Our second Green Park Leadership 10,000 report takes place against a background of growing concern about the levels of diversity in major companies.
The case for diversity has been made repeatedly, both by business and political leaders over recent years. As the global economy recovers and competition increases, the importance of talent in leadership has become greater than ever. Many companies have declared their intention to promote diverse talent.
Two key government supported initiatives have crystallised these concerns. The 25% target set by Lord Davies for gender diversity is being closely monitored; the aim was to meet the target by the end of this year.

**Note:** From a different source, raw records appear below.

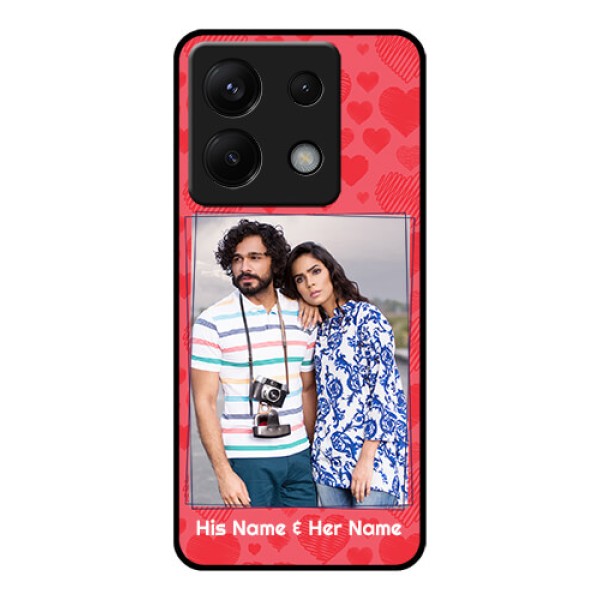 Xiaomi Redmi Note 13 Pro 5G Custom Glass Phone Case - With Red Heart Symbols Design Xiaomi Redmi Note 13 Pro 5G Custom Glass Phone Case - With Red Heart Symbols Design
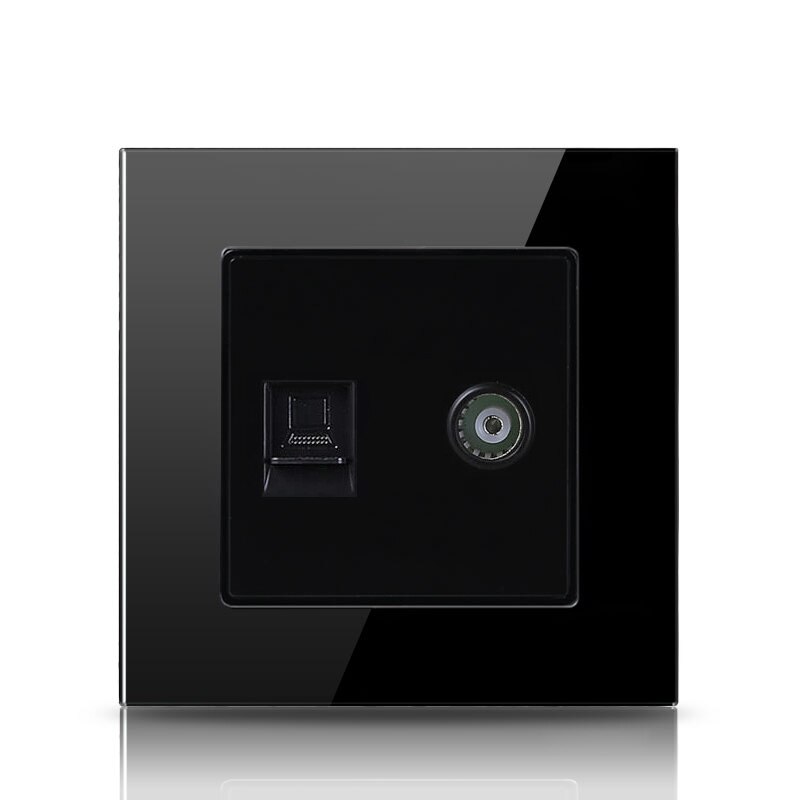 Atlectric  rj45 & tv-portar dubbla  rj45 datauttag tv-port vägguttag dator tv-kontakt paneluttag härdat glas: Rj45 med tv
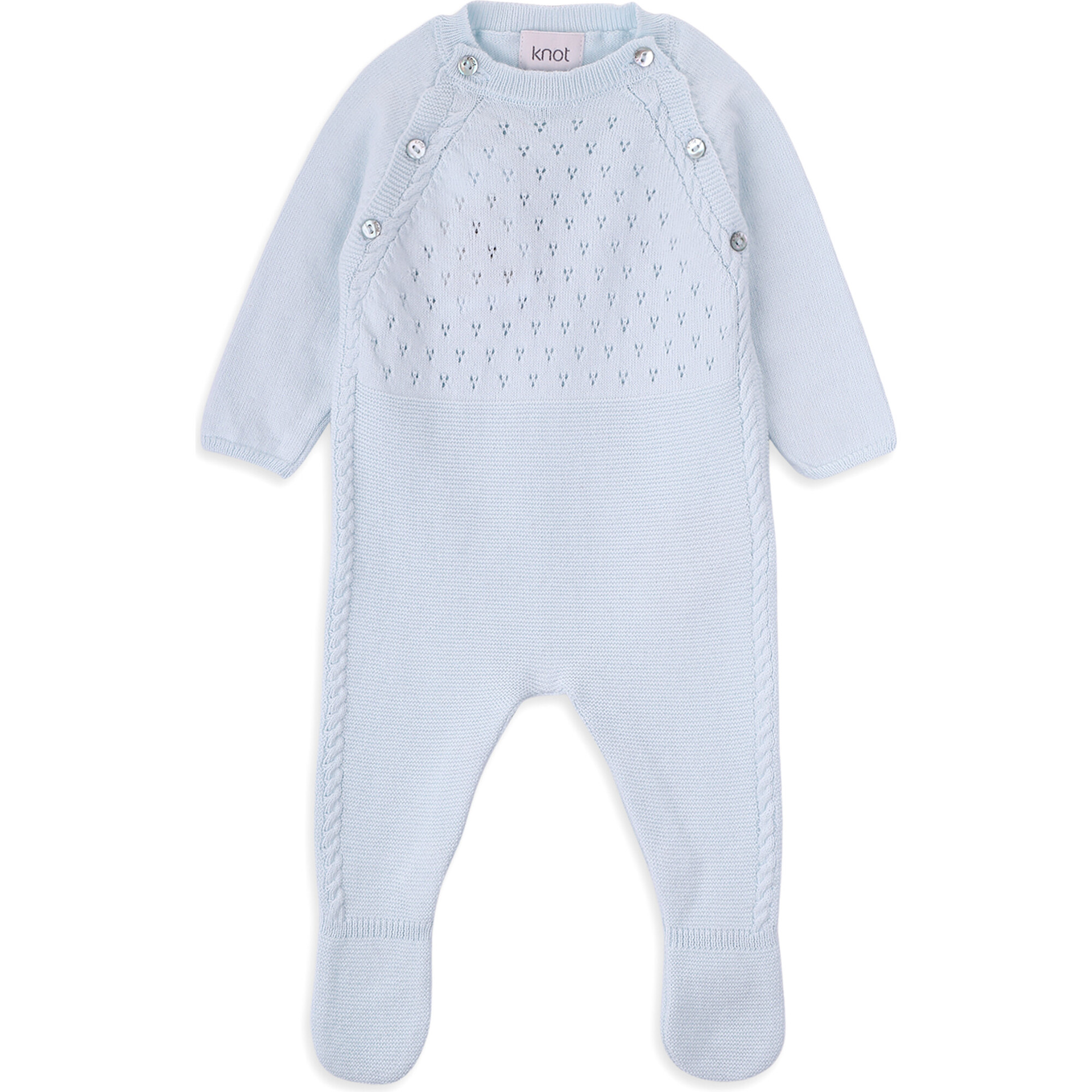 Newborn Knit Cotton Long Sleeve Overalls, Blue - Rompers - 1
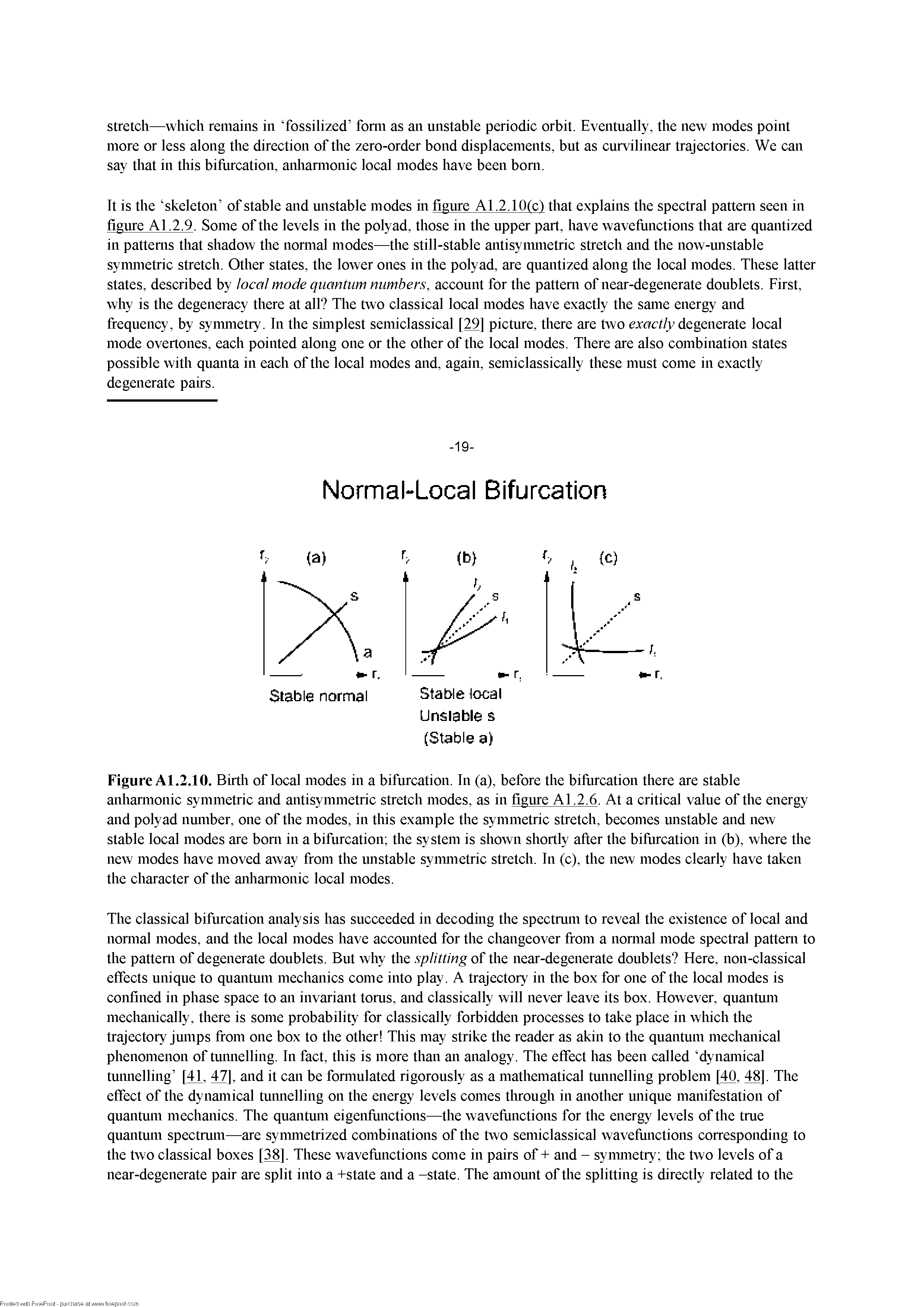 Figure Al.2.10. Birth of local modes in a bifurcation. In (a), before the bifiircation there are stable anhamionic symmetric and antisymmetric stretch modes, as in figure Al.2.6. At a critical value of the energy and polyad number, one of the modes, in this example the symmetric stretch, becomes unstable and new stable local modes are bom in a bifurcation the system is shown shortly after the bifiircation in (b), where the new modes have moved away from the unstable syimnetric stretch. In (c), the new modes clearly have taken the character of the anliamionic local modes.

In addition, the 2020 campaign to ensure that no FTSE 100 board is monocultural by the year 2020 was launched in December 2014 by the then Secretary of State.
Our report provides a picture of the current situation. It offers some encouragement in the case of gender, but shows that there is something of a pipeline for Women to be able to gain more senior roles.
Women continue to feature disproportionately as Non-Executive Board Directors; as a consequence, their true level of influence is far smaller than their numbers suggest.
There has been a small increase in the number of women holding Chair, CEO and CFO positions. With a slow but steady rise in the numbers of women at Top 20 and Top 100 positions, however, not enough to suggest that there will be a significant increase in future appointments to Executive Director roles.
Analysis by industrial sector shows slow improvement in most sectors at the top 100 level ‘pipeline’ level which indicates where the next Executive Directors may come from. The most significant rise in the number of women in these roles occurred in the Telecoms and Construction and Property sectors. The biggest faller was the technology sector which lost almost 10 per cent of its female leaders at this level.
Trevor Phillips, Chair of Green Park Diversity Analytics adds:
“Diversity is only of value to business if it genuinely brings people of different outlook, experience and culture to the table – there are few benefits to cosmetic change. This research reveals that the drive for diversity in Britain’s top companies is in danger of becoming a euphemism for more seats for professional white women at board tables.
The analysis in this report of the Top 100 pipeline, which illustrates a real lack of progress in developing a broader range of future board leaders shows companies need to take quick action to refocus and recalibrate efforts to increase diversity.”